2 thoughts on “Project 1 Final Iteration | Once Upon A Huh?

  1. dejan.grba

    Well done Joey.

    All your observations in the concluding paragraph are correct.

    A simple but important feature of interaction you have missed is marking the linkable page elements (feather to move on, and the optional decisions). This is easily achieved with CSS by assigning different color or cursor change to the linkable elements.

    In class, we will discuss how to develop this further into the final generative artwork. Two quick ideas in that context:

    You can publish your work in progress on one of the many free web hosting services (de facto no time limit), then propagate the link through social media to monitor the audience’s reactions, and perhaps use some of them to refine the work.

    Also, you want your audience as broad as possible and primarily adult, so there should be some teasing elements in the online publication/propagation strategy as well as in the design and narrative (which you have already incorporated and are working on).

  2. dejan.grba

    Class notes recap

    You were smart to “run away” at the end of class because with what follows I would have probably kept you in the lab for the following 30 minutes, ha ha!

    My suggestion is to first work out and polish up the key technical/coding issues that we outlined together up until now, so you can continue experimenting without major tech issues.
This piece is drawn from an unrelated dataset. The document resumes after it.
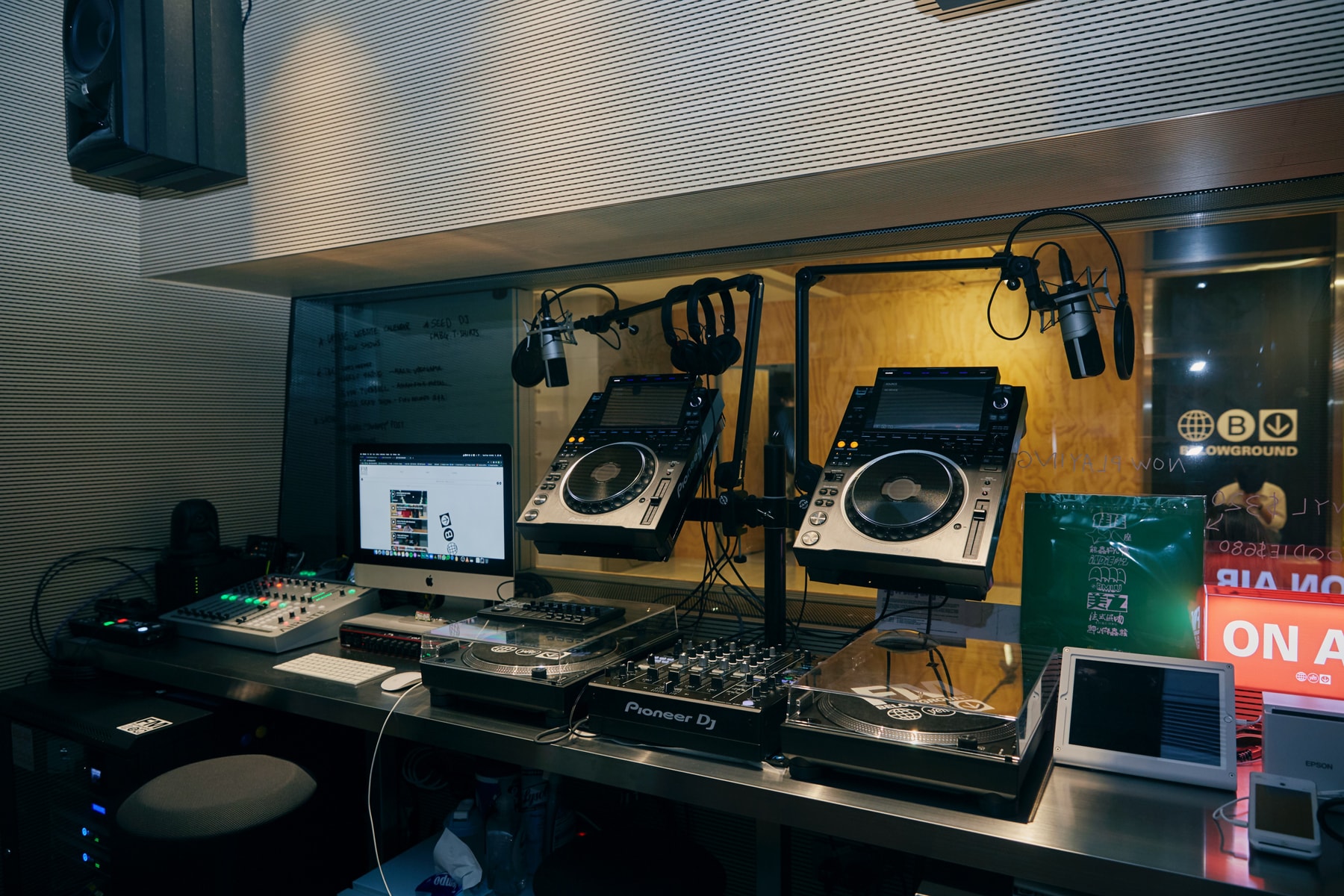 Studio Visits : YETI OUT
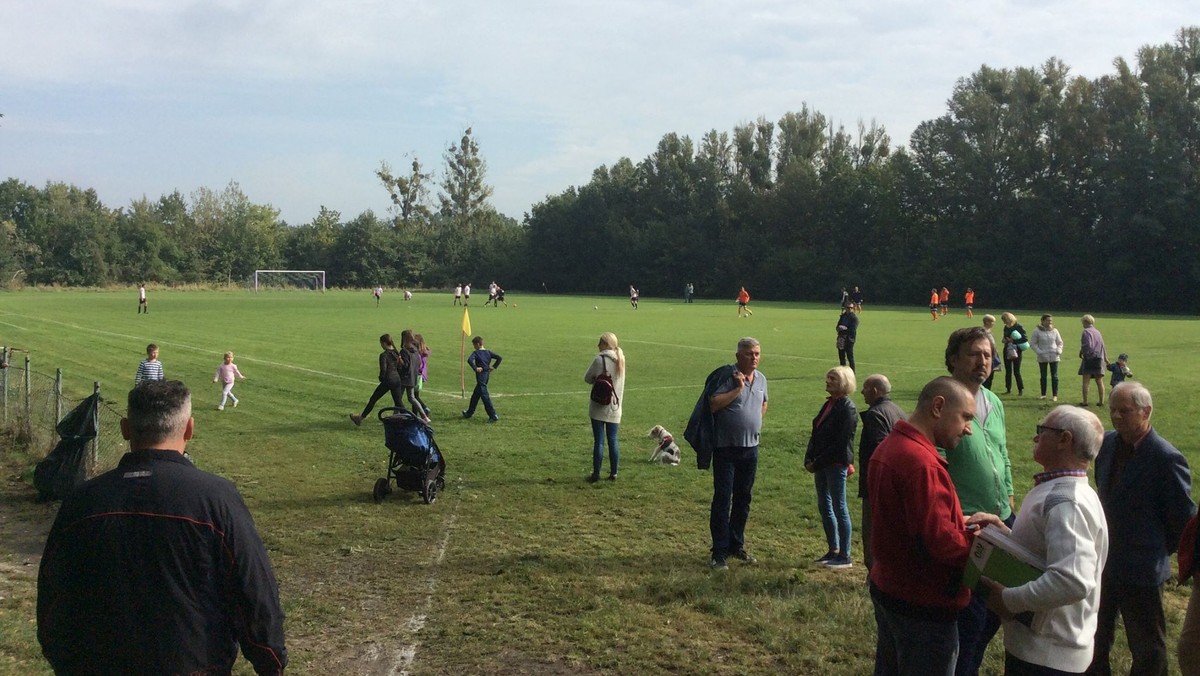 Mieszkańcy wrocławskich Stabłowic i Pracz Odrzańskich nie zgadzają się na budowę nowych bloków, które mają powstać w miejscu dawnego boiska Włókniarza przy ul. Stabłowickiej. Inwestycje planuje prywatny inwestor. W magistracie podkreślają, że nie mogą nic zrobić, bo teren, na którym mają stanąć budynki, nie należy do miasta.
Of course, you will do the coding improvements as you progress.

    Design your strategy by looking at your work in a broader context which includes not only the narratives, presentational design/media and interaction but also the overall logic/motivation for your work and its public presentation. Specifically, it is the deception and the playful subversion of the conventional approaches to designing and consuming interactive narratives.

    Regarding sound, there could be several musical backgrounds, each matching the current narrative mood/position in the narrative. What could be the logic for selecting these backgrounds?

    Another important factor is the selection criterion or criteria for the progressing narrative steps. Right now it is pure randomness which in itself does not carry much meaning. How about introducing some spicy/humorous inputs which determine the branching decisions? For example, these inputs could be some continuously and unpredictably changing data from online sources, like the stock market indexes or specific stock prices, various types of weather data, pollution data, various GPS data sources, etc. The specific type of this source data may be more or less witty within the narrative context of your work.
    Here is an “ancient” media art example: John Klima’s ecosystm (cca. 2000), also here: https://www.fondation-langlois.org/html/e/page.php?NumPage=41.

    Also think about the presentational campaign strategy and the gameplay elements which will motivate the player to repeat the game, giving them the chance to notice that the same decisions lead to somewhat different unfolding of the narrative, and to try to figure out why. Teasing is your key strategy here.

    Finally (at this point), you will want to include in your content some visuals which can change by the same criteria as your narrative.